I never liked pre-fall, but I have to sell it, so I’ve included it as part of three small, themed deliveries for autumn/winter. Spring/summer will be very small. I’ll do resort because I’m good at it – in fact, I can live on resort and holiday. It’s too much to do four collections a year, but I also want to go back to having a £25-million company, which is what Issa was. 

My plan is to have a lifestyle brand that doesn’t just involve clothes, but also flip-flops, socks, umbrellas, Wellies, housewares, swimsuits and so on. There will also be printed Hawaiian-style shirts, ties and swim trunks for men, which will be sold separately. I could also do a small girls’ collection, which I did successfully in London and the Middle East, for gifting. 

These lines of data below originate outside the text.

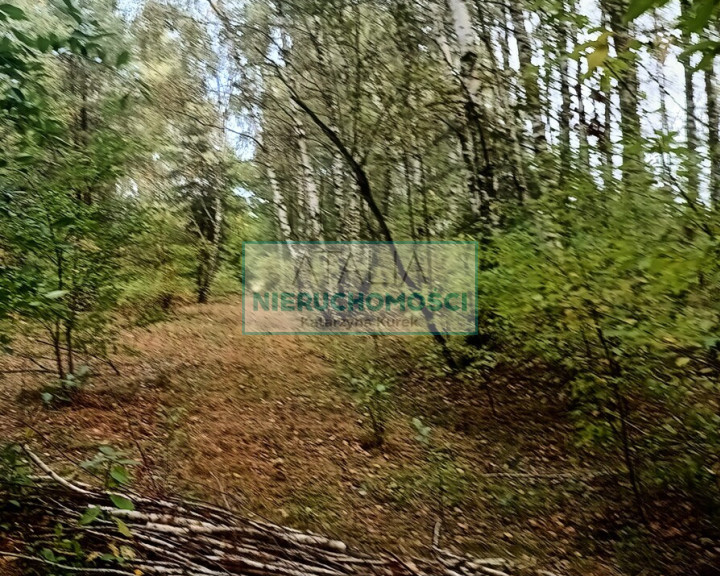 Działka Sprzedaż Grójec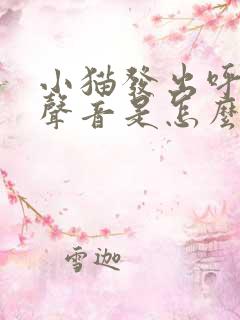 小猫发出呼呼的声音是怎么回事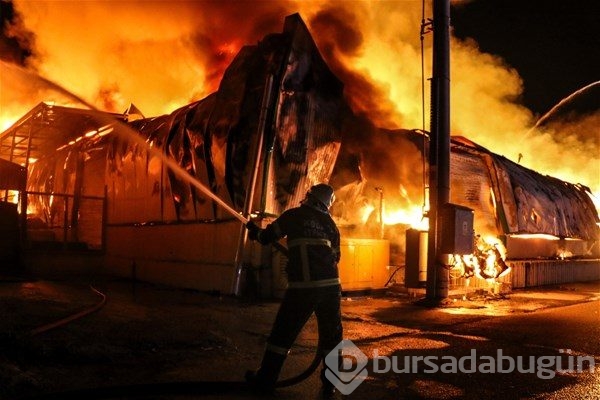 2017 yılına damga vuran fotoğraflar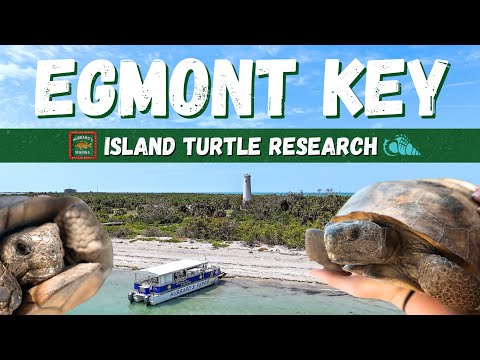 Egmont Key Turtles:  Impact after the Hurricanes. W/ Eckerd College Research Team & Hubbard's Ferry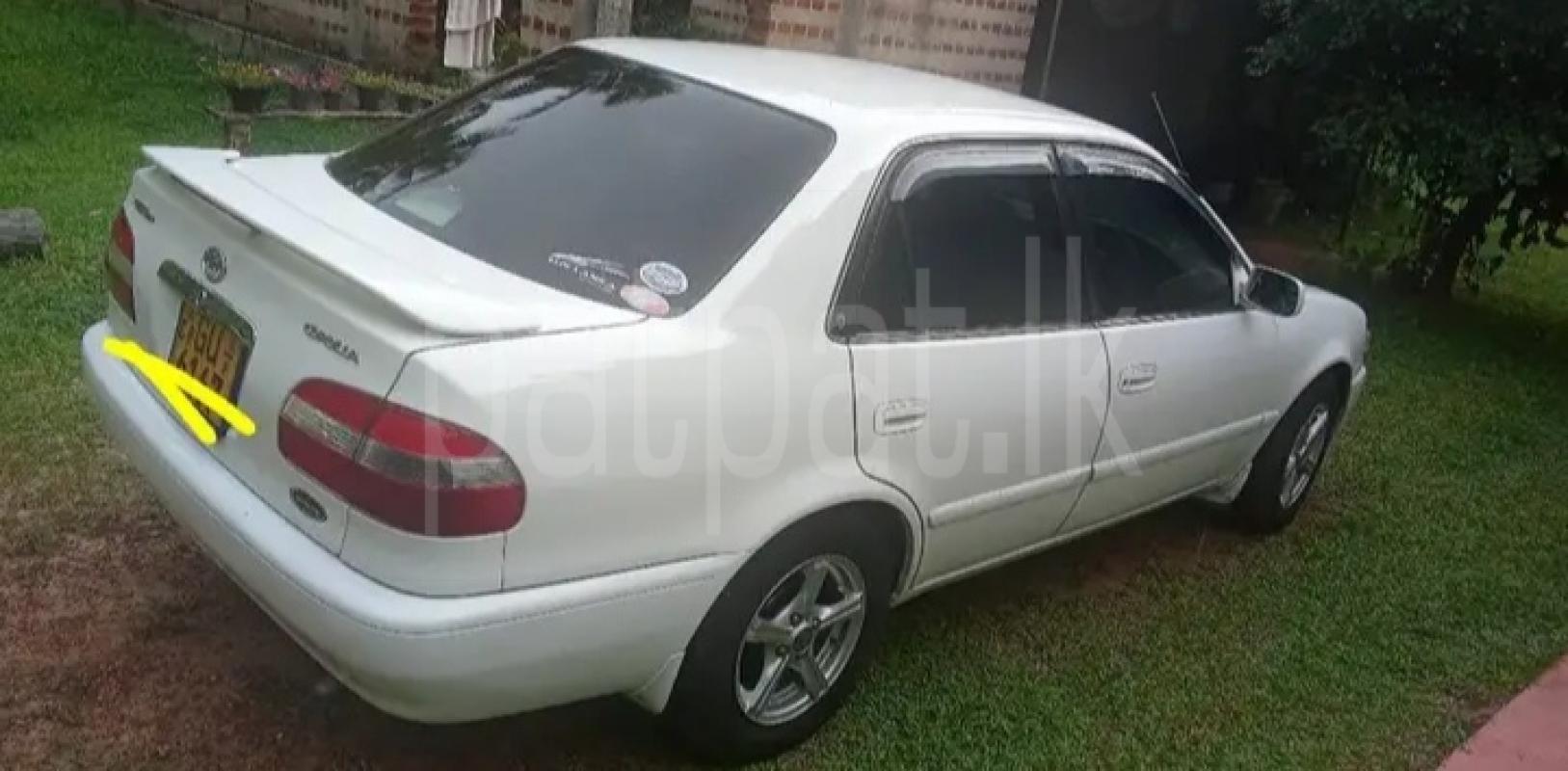 Toyota Corolla 1999 - Used Car sale in Sri Lanka - patpat.lk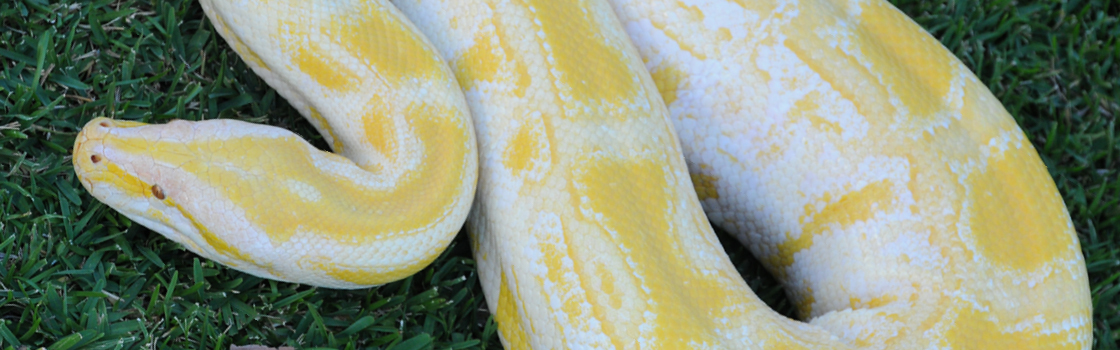 Alimah the Burmese Python on the grass from above.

Even if prints are a strong presence in fashion, many women still shy away from them. How should one wear them without looking overwhelmed? 

When you do printed clothes, you can’t go crazy with the style because the wearer will end up looking like an art installation. Printed clothes with so many seams look weird and futuristic. The cut has to be in a simple, precise line that’s spot on with fit and maximises the beauty of the print. The sleek style of the ’70s is where I look for inspiration.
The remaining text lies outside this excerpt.